While I did not live through the Great Depression, my investing world was indeed shaped by the 1973-74 decline, and the moribund years before and after that period.  That phase in the market was highly instructive to me, although I didn't know it at the time.  By the time 1987 rolled around, I was a 20-year veteran, but still unprepared for what was to unfold.  It turned out there were more lessons to be learned and new mistakes to be made.  You may think you know how you will react to a cataclysmic break in the market, but it is impossible for you to tell until it actually happens.

Thus we can infer that in any market, a modicum of worry and a dollop of caution is always appropriate.  Caution seems to be an inherent part of my investment character, and an undercurrent of worry is my normal condition.

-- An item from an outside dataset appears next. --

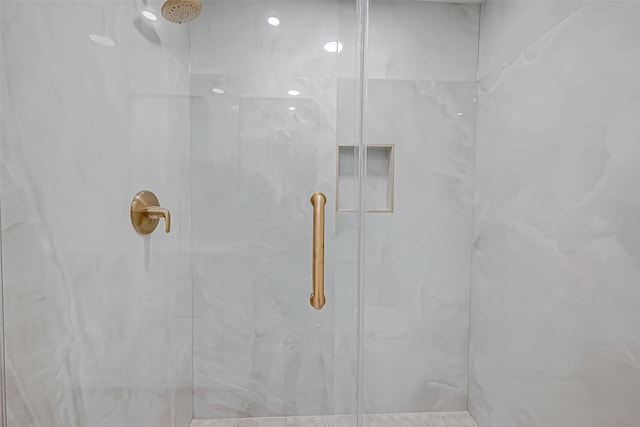 bathroom with tiled shower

But, no, I am not afraid that the market will suddenly collapse.  I do confess to a permanent fear of the slow, relentless, extended decline.  That is much harder to deal with than cataclysm.  I must reiterate that I do not anticipate either cataclysm or the long slow decline.  I have seen and lived through a lot of different markets, and still I know with certainty that there will be things to come that will surprise and try me.  With patience, logic, and a steady hand, we will weather any storms.